Damit wird das Außergewöhnliche zum schmückenden Beiwerk degradiert, zu Kulisse und Alltagsschmuck, wie in meiner Ex-Gegenwart die Reproduktion eines Gemäldes auf einer Kaffeetasse. Was einen einst im Innersten berührt hat, wird so zu einem x-beliebigen Element der alltäglichen Umgebung, dem ebenso wenig Beachtung geschenkt wird wie dem Tisch, an dem man seine Mahlzeiten einnimmt.

Sei still, mein Magen – nicht knurren! Ich verstehe ja, dass niemand von den Speisen hier satt werden kann – aber ich kann dir leider auch nicht helfen!
Mag sein, dass der ständige Büßer-Fraß auch mit der Fastenzeit zusammenhängt. Dennoch provoziert die erzwungene Diät geradezu das, was der Verzicht auf Gaumengenüsse eigentlich verhindern soll: die heimliche Schlemmerei.
Alle meine Mitbrüder verdrücken in unbeobachteten Momenten noch so manches andere. Auch ich selbst habe ja schon sehr von Albertus‘ stiller Fressreserve profitiert.
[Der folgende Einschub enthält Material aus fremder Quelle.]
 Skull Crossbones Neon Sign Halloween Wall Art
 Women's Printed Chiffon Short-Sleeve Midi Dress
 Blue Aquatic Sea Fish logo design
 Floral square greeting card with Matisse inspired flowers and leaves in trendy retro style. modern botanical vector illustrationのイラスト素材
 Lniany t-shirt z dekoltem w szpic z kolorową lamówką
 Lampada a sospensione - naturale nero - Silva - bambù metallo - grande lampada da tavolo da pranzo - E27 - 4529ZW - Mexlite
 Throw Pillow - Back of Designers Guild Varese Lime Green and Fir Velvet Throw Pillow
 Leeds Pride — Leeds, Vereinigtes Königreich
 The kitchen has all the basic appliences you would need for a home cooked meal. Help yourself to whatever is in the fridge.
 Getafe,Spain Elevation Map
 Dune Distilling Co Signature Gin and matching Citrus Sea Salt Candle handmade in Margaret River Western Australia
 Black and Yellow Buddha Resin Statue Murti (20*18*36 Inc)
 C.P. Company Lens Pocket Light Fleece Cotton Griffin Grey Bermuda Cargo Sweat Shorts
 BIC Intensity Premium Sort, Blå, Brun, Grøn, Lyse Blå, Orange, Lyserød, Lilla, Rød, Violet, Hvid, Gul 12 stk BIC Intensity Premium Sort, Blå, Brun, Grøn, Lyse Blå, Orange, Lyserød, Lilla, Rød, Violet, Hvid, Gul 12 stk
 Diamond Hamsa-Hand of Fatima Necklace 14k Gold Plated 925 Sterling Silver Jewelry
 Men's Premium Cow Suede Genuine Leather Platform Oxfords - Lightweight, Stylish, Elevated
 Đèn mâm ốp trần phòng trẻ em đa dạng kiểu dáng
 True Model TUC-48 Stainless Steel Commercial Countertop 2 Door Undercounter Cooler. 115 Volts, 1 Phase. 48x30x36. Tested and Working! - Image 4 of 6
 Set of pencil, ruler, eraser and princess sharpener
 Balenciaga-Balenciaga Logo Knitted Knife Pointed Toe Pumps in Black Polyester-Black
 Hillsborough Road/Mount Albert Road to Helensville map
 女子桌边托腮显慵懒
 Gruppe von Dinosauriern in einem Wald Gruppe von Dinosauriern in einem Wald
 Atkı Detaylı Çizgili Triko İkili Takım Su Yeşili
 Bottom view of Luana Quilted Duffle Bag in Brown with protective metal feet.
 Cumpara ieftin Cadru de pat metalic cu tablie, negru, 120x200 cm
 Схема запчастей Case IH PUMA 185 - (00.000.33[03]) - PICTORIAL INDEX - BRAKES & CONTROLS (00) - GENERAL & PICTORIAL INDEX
Und ehrt man den Schöpfer durch die Freude am Essen nicht auch weit eher als durch den Verzicht darauf? Ist es nicht eine Beleidigung Göttes, wenn man den Genuss verschmäht, den einem das von ihm Geschaffene ermöglicht?
Fast erinnert mich das an die Kegelstadt. Auch dort war das Essen ja schlicht ein Akt der Nahrungsaufnahme und Energiezufuhr und hatte mit Lust und Freude nicht das Geringste zu tun. Allerdings haben die Mahlzeiten mich dort wenigstens satt gemacht.
Trotzdem – manches ist hier gar nicht so viel anders als im Jahr 2521. So bleibt etwa auch den Mönchen dieses Klosters der private Besitz von Kleidern verwehrt. Stattdessen werden ihnen – sofern es sich nicht gerade um Bruder Albertus handelt – die Gewänder nach dem Zufallsprinzip durch den Vestiar zugeteilt. Der einzige Unterschied zur Kegelstadt ist, dass die Kleider hier mehr nach der menschlichen Natur als nach chemischen Reinigungsmitteln riechen.
So ganz unerheblich ist dieser Unterschied freilich auch wieder nicht. Er hängt eng zusammen mit dem fehlenden Klopapier, nach dem ich trotz allem jedes Mal mechanisch suche, wenn ich mich zum Abort begeben muss – und natürlich mit dem nicht vorhandenen fließenden Wasser, das die Körperpflege zu einer Luxusbeschäftigung werden lässt.
Entsprechend streng sind die Gerüche, die einen beim Kontakt mit den lieben Mitmenschen umwehen. Es wirkt irgendwie schamlos auf mich, wie die Menschen hier ihren Raubtiergeruch verströmen. Aber vielleicht wären einem Menschen aus der Vergangenheit bei einer Reise in meine ehemalige Gegenwart die Wolken von Deodorant, mit denen die Menschen dort ihre Natur verschleiern, ähnlich unangenehm wie mir die hiesige Naturnähe des Geruchs.
Die Tonsur scheint mir vor diesem Hintergrund in erster Linie die Funktion zu haben, die Mönche vor Läusen und ähnlichem Ungeziefer zu schützen. Auch ich musste mich ihr gleich am ersten Tag unterziehen. Dabei kam mir zugute, dass ich wegen des Haarausfalls, den ich in der Kegelstadt erlitten hatte, ohnehin schon eine halbe Tonsur aufwies. Dies fügte sich auch hervorragend in meine Geschichte von der Flucht vor den Türken ein: Ich konnte einfach behaupten, die Haare seien mir während meiner langen Wanderschaft wieder ein wenig nachgewachsen.
Letztlich unterscheidet sich sogar der Tagesablauf im Kloster nur graduell von dem in der Kegelstadt. Ob ich nun vor einem langweiligen Beobachtungsbild eindöse oder mich von dem immer gleichen Singsang meiner Mitbrüder einschläfern lasse, läuft doch letzten Endes auf dasselbe hinaus. Beides hält mich auf ähnliche Weise von mir selbst ab, weil es mein Denken in den immer gleichen Alltagsritualen ertränkt.
Natürlich gibt die strenge Regulierung des Tagesablaufs dem Einzelnen auch inneren Halt. Aber wäre der Verzicht auf all die Hilfskonstruktionen, die einem im Alltag diesen Halt vermitteln, nicht gerade ein Beleg für das Vertrauen auf Gott?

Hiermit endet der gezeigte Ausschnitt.